Der Grad der Betroffenheit richtet sich nach der ideologischen Herkunft der Täter
Werfen wir einen kurzen Blick auf den unterschiedlichen Umgang mit Ereignissen, die mit Tätern aus unterschiedlichen Richtungen in Zusammenhang stehen. Beispielsweise das Attentat auf den Berliner Weihnachtsmarkt des Anis Amri und der Anschlag auf die Synagoge in Halle, wofür ein rechtsradikaler Täter verantwortlich ist. Obwohl die Kanzlerin auch zum Weihnachtsmarkt-Massaker ihre leere Sprechblase verlauten ließ, ihre Gedanken wären bei den Opfern und ihren Angehörigen, hat sie es nicht für nötig erachtet, sich ernsthaft um ebendiese zu kümmern. Weder Bundespräsident noch Kanzlerin sind auf die Idee gekommen, mit einer Gedenkstunde an den Jahrestagen daran zu erinnern und ihre Betroffenheit zu bekräftigen. Ganz anders wird der Anschlag auf die Synagoge in Halle behandelt. Jedes Jahr wird groß daran erinnert und selbstverständlich bekunden Kanzlerin und Bundespräsident ihre Solidarität mit den jüdischen Mitbürgern. Das ist nicht nur ungefährlich für die Karriere, sondern dient auch dazu, immerfort die „Gefahr von Rechts“ überhöht darzustellen. Jedenfalls im Verhältnis zu den Anschlägen aus den Reihen der Antifa und den Morden islamischer Migranten. Ja, die Gefahr kommt von Rechts, ist die Botschaft.

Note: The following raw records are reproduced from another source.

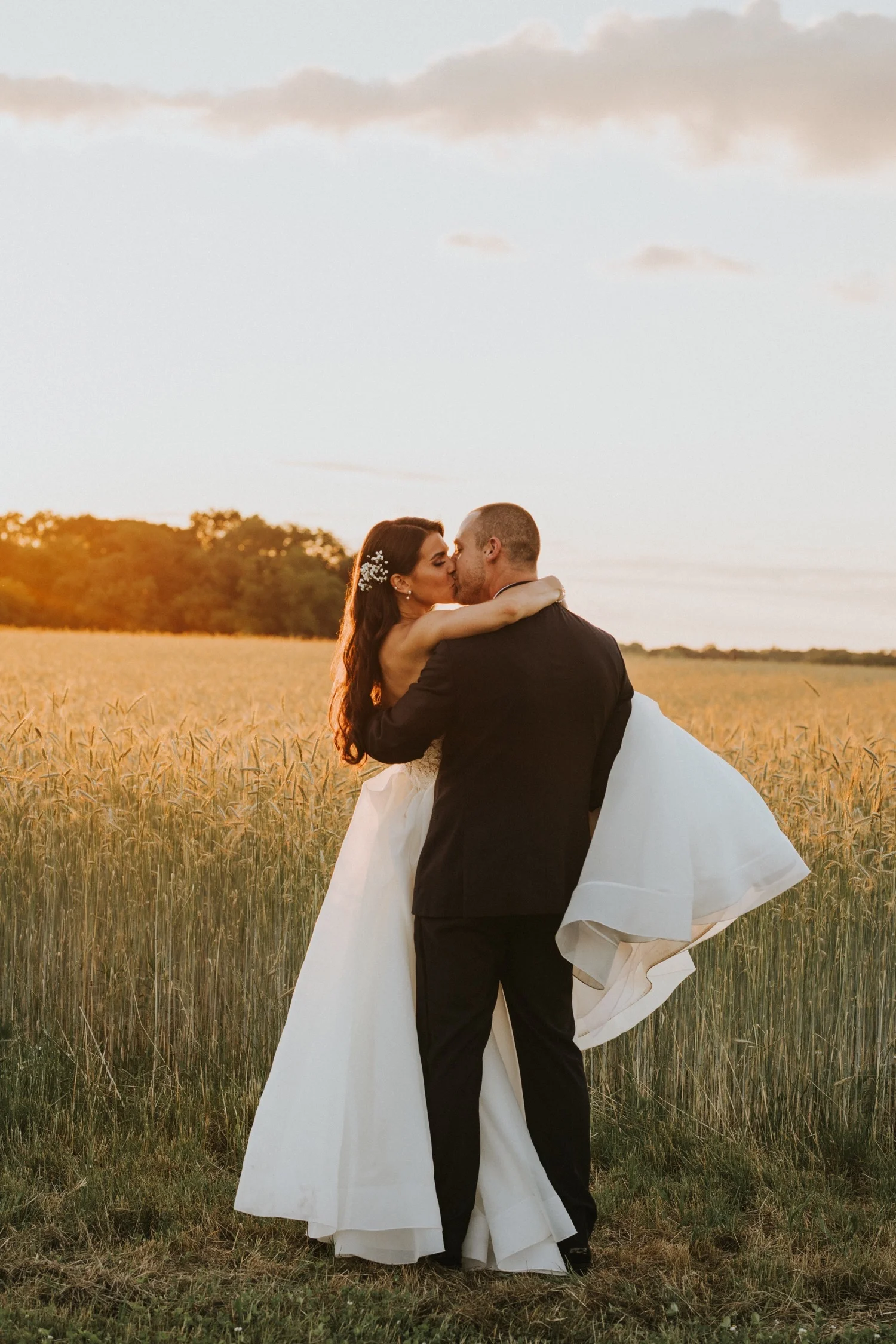 Hudson Valley Wedding Photographer, Hamptons Wedding Photographer, The Vineyards at Aquebogue, Long Island Wedding Photographer, New York Wedding Photographer, Wedding Invitations, Wedding Ceremony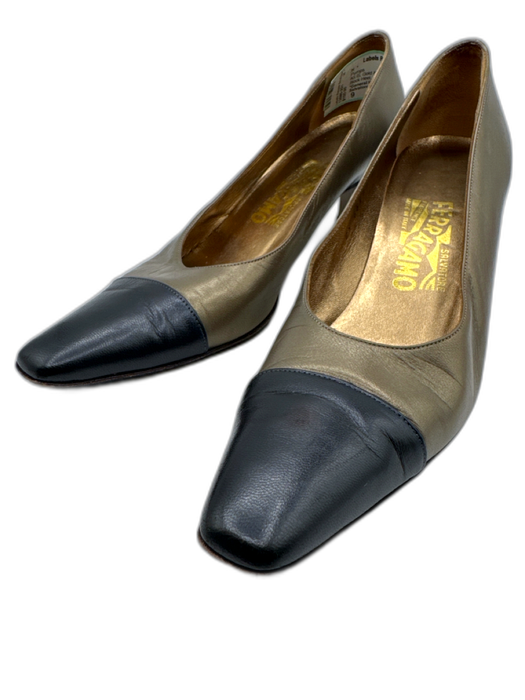 Salvatore Ferragamo Shoe Size 9 Gold & Black Patent Leather Block Heel Pumps Gold & Black / 9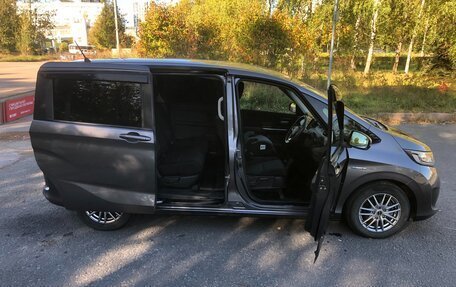 Honda Freed II, 2017 год, 1 515 000 рублей, 9 фотография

Ziemlich aktuell sind noch die Messermorde von Würzburg. Natürlich haben die großen Honoratioren ihr Mitgefühl und ihre Betroffenheit geäußert, aber das war’s dann auch. Für eine persönliche Anreise hatte der Terminkalender keinen Platz mehr. Wie schnell wurde der Mantel des Schweigens darüber ausgebreitet und ich gehe jede Wette ein, dass es keine Erinnerungsveranstaltungen geben wird an den folgenden Jahrestagen der Bluttat. Während der Attentäter in Halle selbstverständlich schuldfähig ist und hart bestraft wird, wird dem migrantischen Täter in Würzburg im Eiltempo Schuldunfähigkeit attestiert und er wird nicht bestraft, sondern in die Psychiatrie eingewiesen. Wie lange er dort verbleiben muss, steht in den Sternen. Jedenfalls hat bis jetzt kein Gericht darüber befunden und wenn doch, ist es nicht publiziert worden. Können da die Mitgefühls- und Betroffenheitserklärungen von Merkel & Co. irgendwie ehrlich sein?
Politisch korrekte Sprechblasen um die Gunst der Wähler
Darf es überhaupt selektive Abstufungen an Betroffenheit geben, wenn es um den unnötigen Verlust von Menschenleben geht? Können es mehr als leere Sprechblasen sein, wenn Mitgefühl für Ereignisse geheuchelt wird, die irgendwo fernab geschehen sind und uns eigentlich nicht wirklich etwas angehen? Wenn Betroffenheit verkündet wird für einige Opfer von Katastrophen irgendwo, aber kein Wort darüber verloren wird, wenn unser Verbündeter und Hegemon USA Hunderttausende mit Bomben und Drohnen in den Tod schickt? Kann es mehr als politisches Kalkül sein, wenn sich Merkel & Co. für das Wohlergehen von Chodorchowsky oder Navalny einsetzen, aber das seit Jahren anhaltende Foltergefängnis von Julian Assange einfach ignorieren? Oder das der Insassen von Guantanamo? Angesichts dieser selektiven Behandlung nicht einmal gleichwertiger Vorgänge können sämtliche Äußerungen von Politikern an Betroffenheit und Mitgefühl nur gelogen, politisch motiviert sein.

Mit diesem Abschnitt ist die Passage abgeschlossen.